Did I say that I would stop being meta? I may have been incorrect.

Lesson Four: Things, like your bike or your self-belief, will break down. And get fixed.

They certainly have in my case. Without a working bike, your travels are effectively over. And without self-belief, things can become quite unpleasant quite quickly.

Thankfully, both can be fixed. Of this, again, I rely on my own experiences.

If you do not have the professional skills for repairs, find someone who does. Just remember that even during the darkest of times, there is always a way out. A way that is often found with the help of someone else.

Which brings me to my next point.

Lesson Five: Ask for help. You will find it.

This has been one of the most beautiful lessons that biking has taught me. As a solo, novice biker with zero mechanical knowledge, my biggest fear has been a bike breakdown. Especially in the more rural parts of the country.

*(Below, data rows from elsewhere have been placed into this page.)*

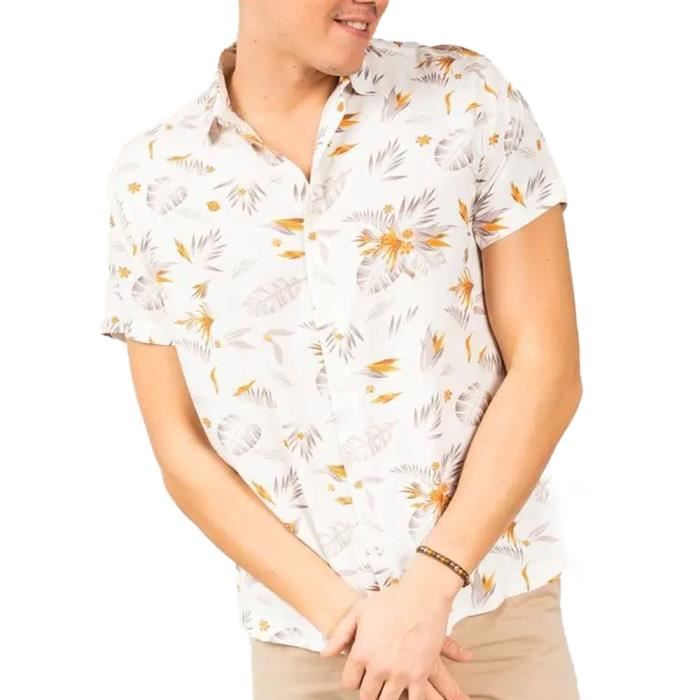 Chemise à fleurs Blanche Homme Deeluxe Pearl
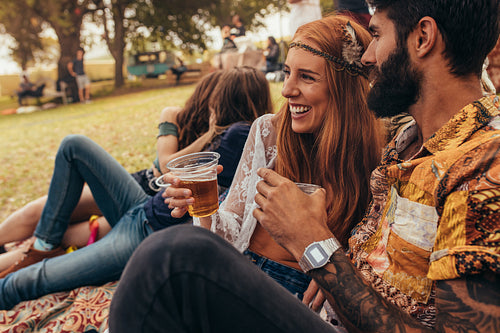 Couple enjoying at the summer festival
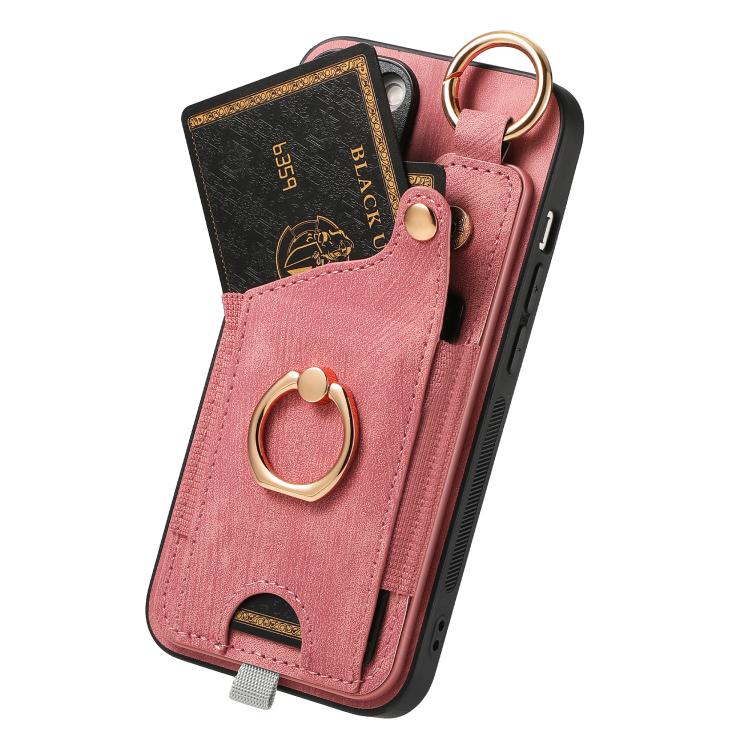 For iPhone 16e Retro Skin-feel Ring Card Bag Phone Case with Hang Loop(Pink) - iPhone 16e Cases by buy2fix | Online Shopping UK | buy2fix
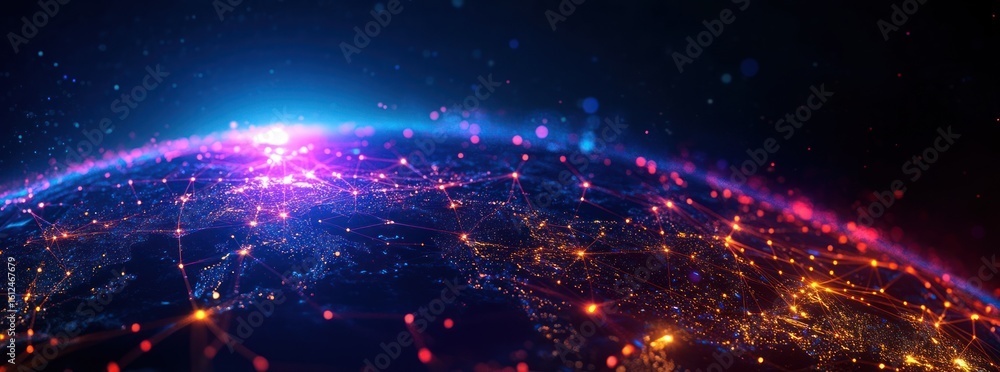 Poster glowing network connections across a digital representation of a planet, highlighting global connect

And yet, I have always (always!) found help, often in places where I least expected it. This holds true for non-mechanical help as well. Right from running out of money to being stranded on a tiny mountain road with a bike that refused to start, help has come.

Always.

I suppose technology has played a part here as well – in an always online world, getting heard is not that hard. But you still have to ask.

And finally, the most important lesson of them all:

Lesson Six: If you have to chase a dog down a highway, remove your helmet first.

Clearly, the most important lesson of them all. And one I only learnt after a curious canine decide to pick up my gloves as I was trying to pick up my fallen bike.  He, that lovely creature may God bless his soul, then decided to trot away with me giving chase and screaming all sorts of politeness.

Eventually, he (the curious canine) lost interest, lay the gloves on the road and then wandered off to wherever he came from. Leaving me breathless, but thankfully not gloveless, on the side of the road. Panting into my helmet.

Which is how I realized that if I had to do that again, I would remove the helmet first. Makes it easier to breathe. Far easier.

And, some times, all we really need to do is breathe.

2 thoughts on “Chasing dogs with a helmet on or how motorcycle travel is helping me survive these surreal times

  1. Haha – i was wondering where the helmet story would go – well done! Hope to see some more non-legal stuff once in a while 🙂 and I think past recessions have always resulted in people taking a step back and going to school.

    One of my favourite paragraphs from zen and the art of motorcycle maintenance…

    “You see things vacationing on a motorcycle in a way that is completely different from any other. In a car you’re always in a compartment, and because you’re used to it you don’t realize that everything you see is just more TV. You’re a passive observer and it’s all moving by you boringly in a frame.

    On a cycle the frame is gone. You’re completely in contact with it all. You’re in the scene, not just watching it anymore, and the sense of presence is overwhelming. That concrete whizz ing by five inches below your foot is the real thing, the same stuff you walk on, it’s right there, so blurred you can’t focus on it, yet you can put your foot down and touch it anytime…”

    1. Thanks Jason! Coincidentally, this column was largely inspired by Zen and the art…, that is a such a great quote.